O pomyśle włączenia jogi do dyscyplin olimpijskich usłyszałem od jednej z moich uczennic. Początkowo pomyślałem, że to żart. Jednak lektura artykułu pozbawiła mnie złudzeń: joga naprawdę ma szansę stać się polem rywalizacji o medale, obok skoku o tyczce i zjazdów narciarskich! Już widzę reprezentację Polski z logo sponsora na matach... może: "Browar Okocim". ;-)Pożartować oczywiście można ale dla mnie sprawa jest kuriozalna. Pomysł uważam za chybiony, wręcz absurdalny. Zawody sportowe mające wyłonić "najlepszego" w jodze to pogwałcenie zasad jej filozofii. Rywalizacja między zawodnikami w świetle jupiterów sprzeniewierza zasadę sattvy - to czysty rajas bez duchowych aspiracji. Każda rywalizacja, nawet olimpijska, prowadzi nieuchronnie do porównywania się z innymi, a to generuje takie negatywne emocje jak zazdrość i zawiść. Nie o to w jodze chodzi. Celem praktyki jogi jest samorealizacja duszy i jej połączenie z Absolutem. Jeżeli celem stają się tytuły i nagrody, to kończy się joga a zaczyna się gimnastyka akrobatyczna. Nazywanie tego typu aktywności ruchowej jogą, może zwiększy jeszcze bardziej zainteresowanie nią, ale niestety pogłębi też, i tak dużą, niewiedzę w tym temacie.

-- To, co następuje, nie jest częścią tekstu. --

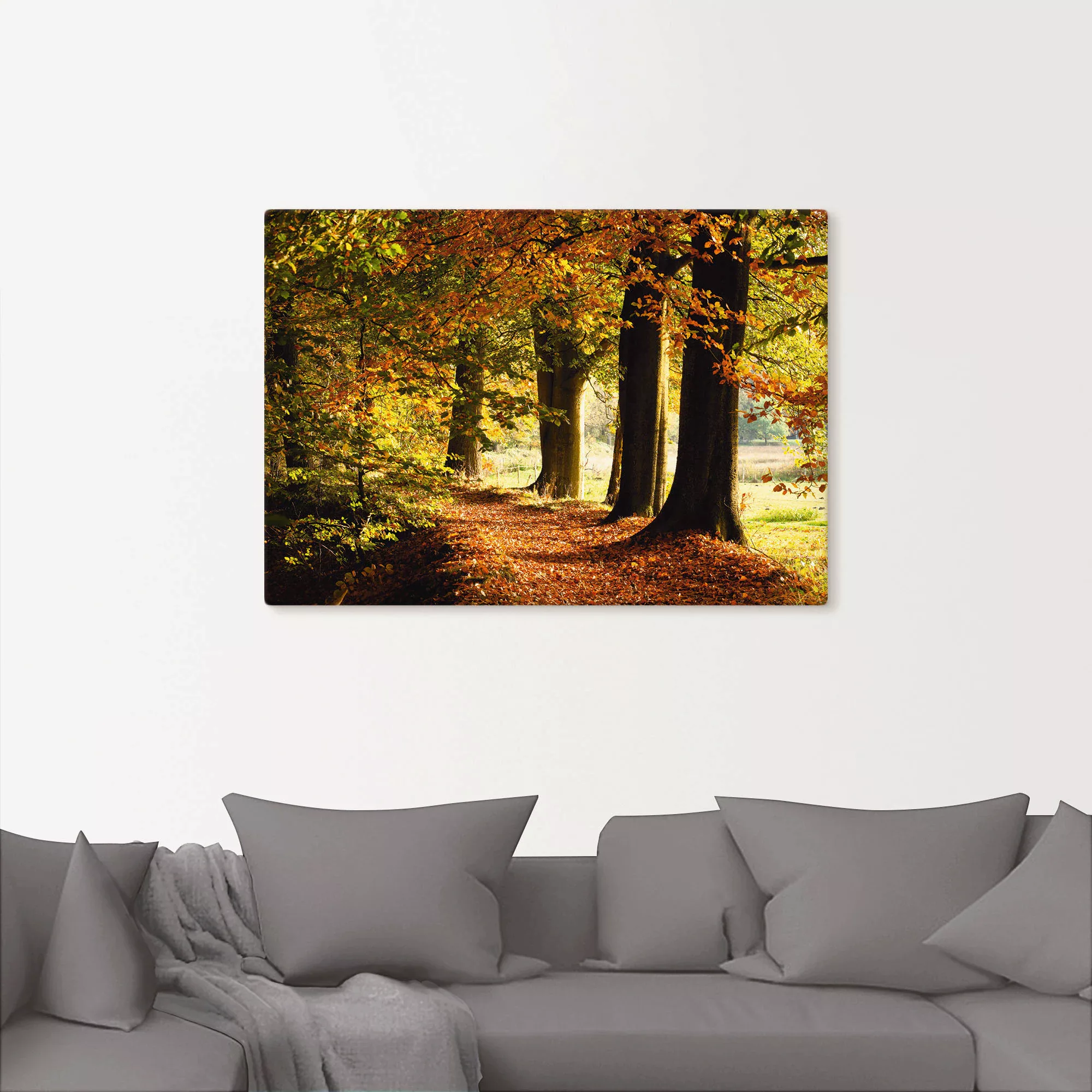 Artland Wandbild "Herbstfarben", Bäume, (1 St.), als Alubild, Outdoorbild, günstig online kaufen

Zastanawia, co leży u źródła tego typu pomysłów... Myślę, że Bikramami kieruje, dość powszechny u Indusów, zmysł do zarabiania pieniędzy (Artha, czyli bogacenie się, jest ważnym elementem wedyjskiej filozofii). Wykorzystują do tego doskonałą znajomość mentalności człowieka Zachodu - żądnego nagród, medali i dyplomów. Pomysł jogi na olimpiadzie na pewno trafił na podatny grunt i pierwsi potencjalni zawodnicy szlifują już formę w licznych ośrodkach Bikram Jogi, płacąc za to słono.
Bartosz V.Niedaszkowski
Pracownia Dobrego Zdrowia
Warszawa
Ten szalony pomysł budzi mój śmiech i współczucie z braku rozumienia czym jest joga i czemu ma służyć. Wszak istnieją juz dyscypliny takie jak gimnastyka akrobatyczna czy artystyczna i nic nie stoi na przeszkodzi, aby sobie sportowcy zrobili jeszcze jedną gimnastykę jogiczną :). Nazywać ją wprost JOGĄ to pogwałcenie wszelkich zasad dyscypliny duchowej i rozminięcie się z głównym celem jogi. Z całą pewnością Joga nie potrzebuje taniej reklamy i kolejnych słodkich opakowań w zachodnim konsumpcjonizmie.